The actual results of your code will be something more like the following. See for yourself.

Fri Dec 31 00:00:00 GMT 2021

Or, setting the JVM’s current default time zone to Asia/Kolkata:

Fri Dec 31 00:00:00 IST 2021

Notice that those two results are different moments, several hours apart. The day starts earlier in India than at UTC/GMT prime meridian. So the results of this code vary by the current default time zone — not good!

java.time

You are using terrible date-time classes that were years ago supplanted by the modern java.time classed defined in JSR 310.

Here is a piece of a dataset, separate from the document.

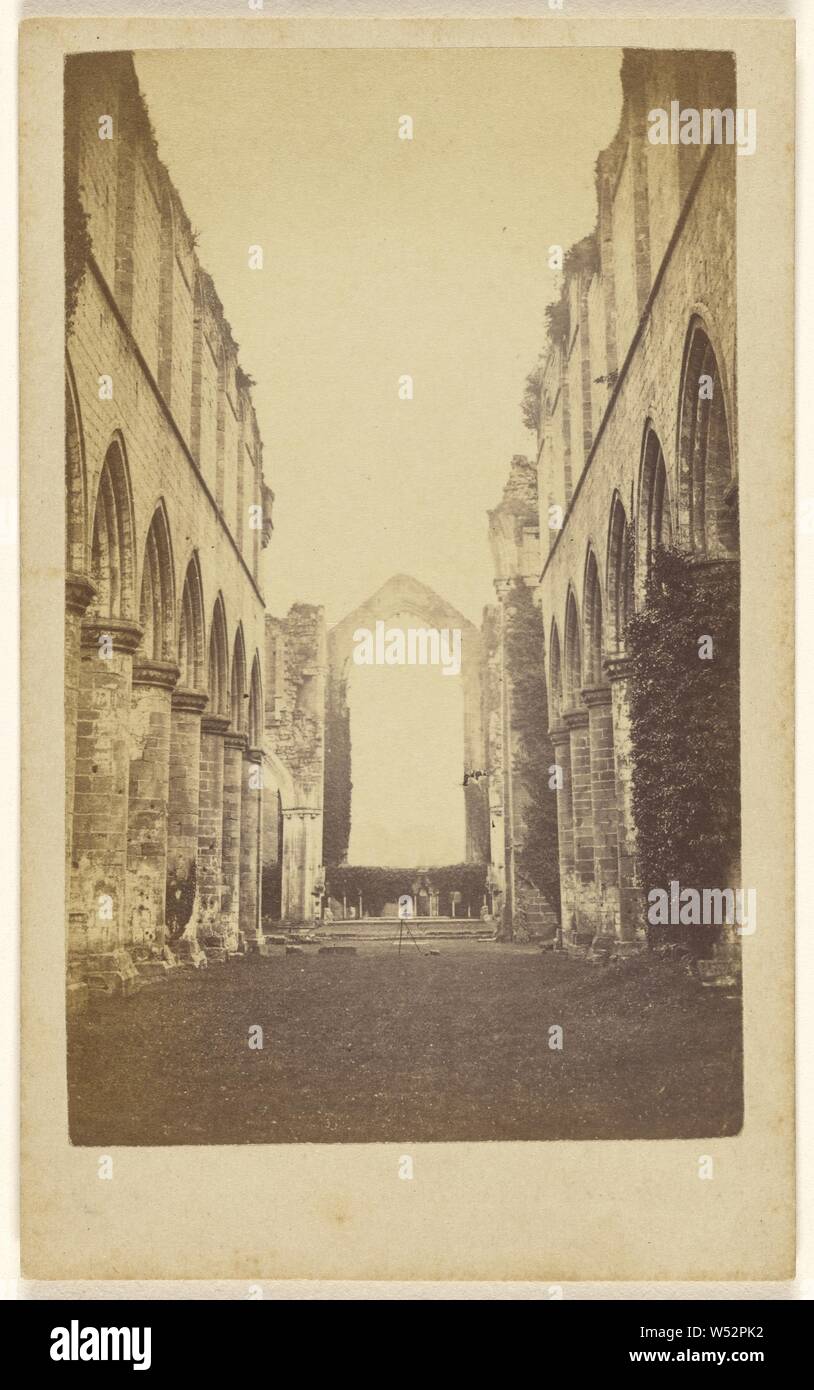 Fountains Abbey Kirchenschiff., T.C. Hammond (Briten, aktive Ripon, England 1860), ca. 1865, Eiweiß silber Drucken Stockfoto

Your input string complies with the ISO 8601 standard used by default in the java.time classes when parsing/generating text. So no need to specify a formatting pattern.

For a date-only value, without time of day, and without time zone or offset-from-UTC, use LocalDate.

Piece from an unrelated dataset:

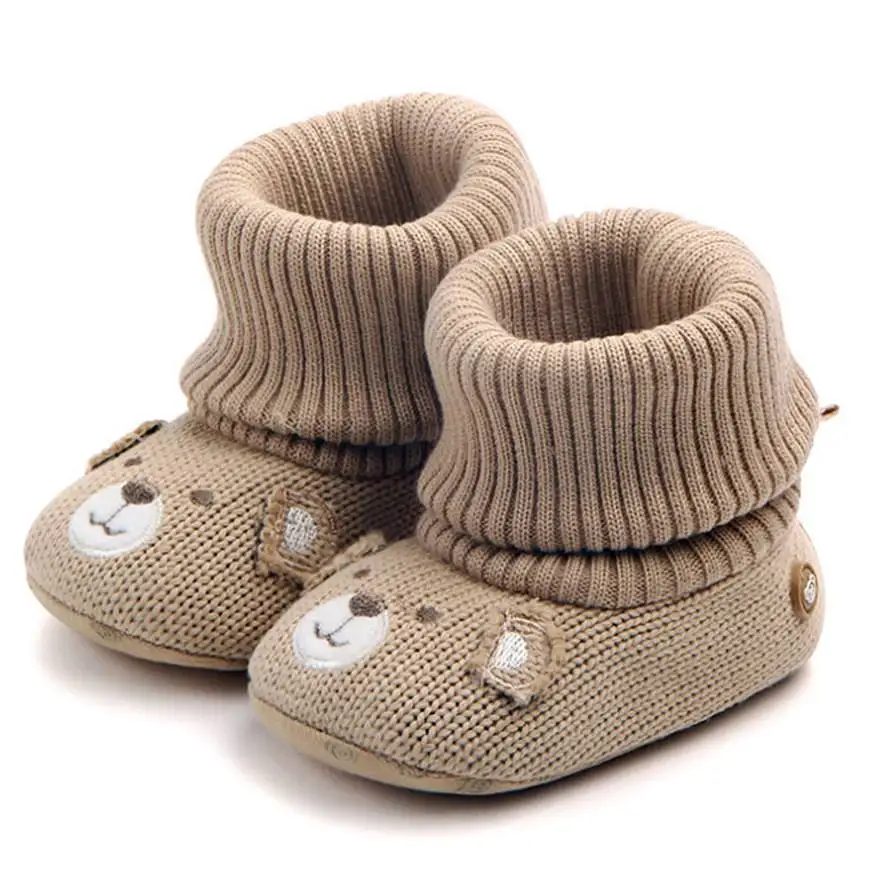 Милые детские носки с рисунком медведя; ботинки для новорожденных мальчиков и девочек; детская зимняя обувь; теплая шерстяная Брендовая детская домашняя обувь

LocalDate ld = LocalDate.parse( "2021-12-31" ) ;

You said:

Model accepts java.util.Date and the format should be yyyy-MM-dd

Well, (a) that is unfortunate, (b) a Date object does not have a "format", it has a date-time value rather than text, and (c) a java.util.Date represents a moment, a specific point on the timeline rather than a date-only. A Date object represents a date with time-of-day as seen in UTC (an offset from UTC of zero hours-minutes-seconds).

The best solution is to fix your design to use proper types.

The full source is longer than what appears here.